Roe v. Wade was the first case to recognize the constitutional right to an abortion. But the current standard for when and how states can restrict that constitutional right was decided in Casey v. Planned Parenthood, which stated that it was maintaining the “essence” of Roe while rejecting its entire framework back in 1992. In Casey, the Supreme Court struck down the part of a Pennsylvania law that required married women seeking abortions to notify their husbands but it upheld the parts that required parental notification for minors and a 24-hour waiting period for a woman seeking an abortion. In doing so, the court lowered the test for state restrictions from Roe’s very high one and created a new standard called the “undue burden” standard that would strike down a state law that had “the purpose or effect of placing a substantial obstacle in the path of a woman seeking an abortion of a nonviable fetus.” There is no question that the Texas law is an undue burden under that definition.

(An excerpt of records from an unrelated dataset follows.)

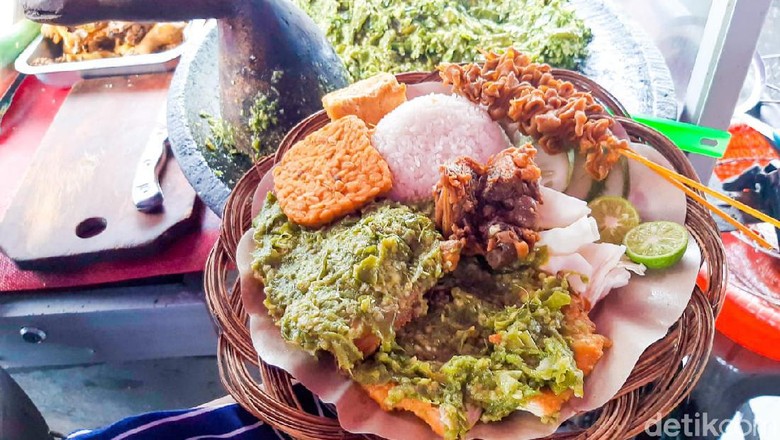 Ayam Cabe Ijo Aa Sipit: Ayam Penyet Viral Sehari Habis 1.000 Potong Ayam dan 50 Kg Rawit Hijau Ayam Cabe Ijo Aa Sipit: Ayam Penyet Viral Sehari Habis 1.000 Potong Ayam dan 50 Kg Rawit Hijau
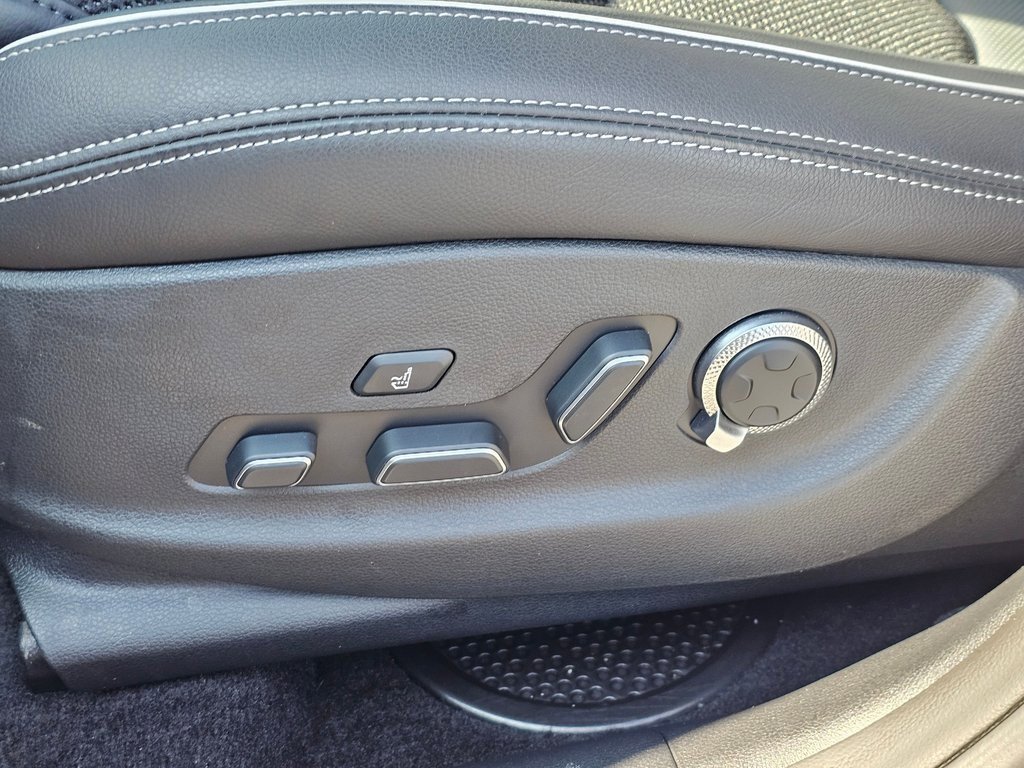 Used 2025 Genesis GV70 3.5T Sport image 33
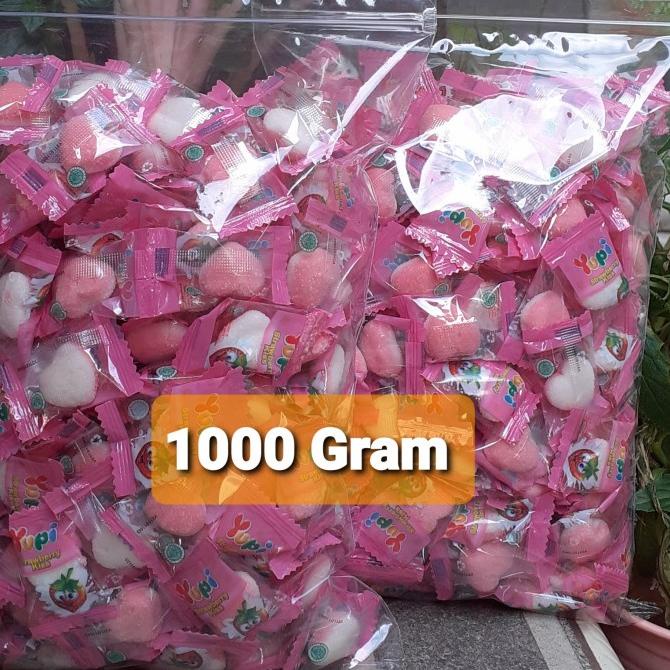 

BAYAR DITEMPAT Ready Stock YUPI KISS STRAWBERRY KILOAN REPACK MURAH 1000 Gram /PERMEN LUNAK/PERMEN VIRAL/PERMEN MILO/PERMEN YUPI/PERMEN JADUL/PERMEN KARET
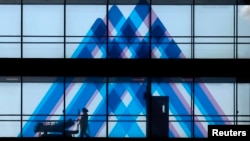 Seorang pasien di Rumah Sakit Mount Sinai, Kota New York, di tengah wabah virus corona, 1 April 2020. (Foto: Reuters) 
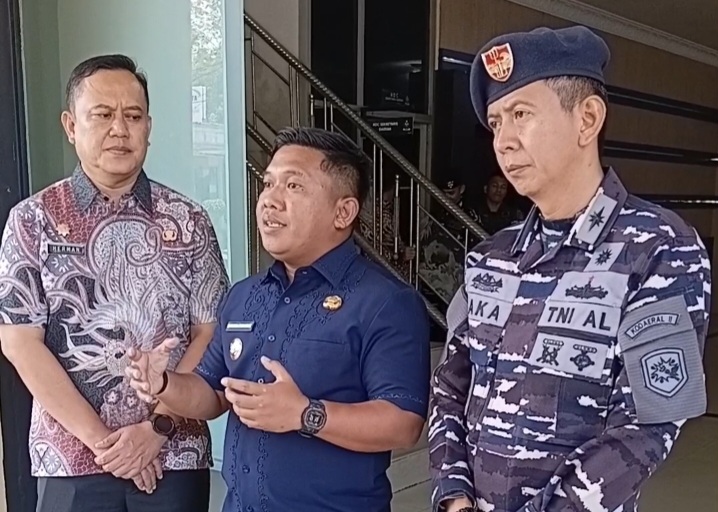 Wali Kota Sibolga Bantah Tudingan Penimbunan Bantuan dalam Video Viral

Even though the Texas law is in serious legal jeopardy, reproductive rights advocates are right to be on alert. First, the Supreme Court’s majority could have said that the law was blatantly unconstitutional but that the plaintiffs simply hadn’t sued the correct party. Instead, the majority of justices just said they weren’t commenting on its constitutionality. Second, the standard in other parts of the legal world — like the one that applies to lawsuits that seek to change the rules before an election — places an emphasis on maintaining the status quo, and the majority could have followed Roberts’ dissent in this case to prevent the law from going into effect on those grounds alone. Third, those advocates know that the undue burden standard is very much in jeopardy — just not in this case.
The real challenge to Casey will come this fall, when the Supreme Court will hear arguments in a case called Dobbs v. Jackson Women’s Health Organization about the constitutionality of Mississippi’s ban on abortions after 15 weeks. Under the Casey standard, a ban on abortions at that stage is clearly an “obstacle in the path of a woman seeking an abortion of a nonviable fetus,” but court watchers all believe that there are now at least five votes to change how undue burden is defined, create a new standard altogether, or reject the constitutional right to an abortion and leave it up to states as to whether and how they want to restrict abortion access. As of today, 22 states have laws that would further restrict abortion access if Casey is overturned.
But those anti-abortion advocates that are cheering the result this week should be wary as well. Texas legislators may have found a creative way to prevent courts from reaching this law before it went into effect, but the law will likely get struck down soon enough. In the meantime, they have provided a blueprint for any other state that wants to infringe on constitutional rights. New York can pass a law allowing its citizens to sue anyone in the state who sells someone a firearm. California could create a damages award for $50,000 for anyone who sees someone praying on public land.
If history is any guide, abortion-rights advocates have reason to be nervous. In February 2015, the Supreme Court had an emergency application to prevent Alabama from issuing marriage certificates to same sex couples. Just like this week, the court denied the request even though — just like here — it was set to hear arguments in a different case on the very same issue just a couple months later. In June 2015, the Court recognized a constitutional right for same sex couples to marry in every state of the union.
A decision in Dobbs is expected in 2022.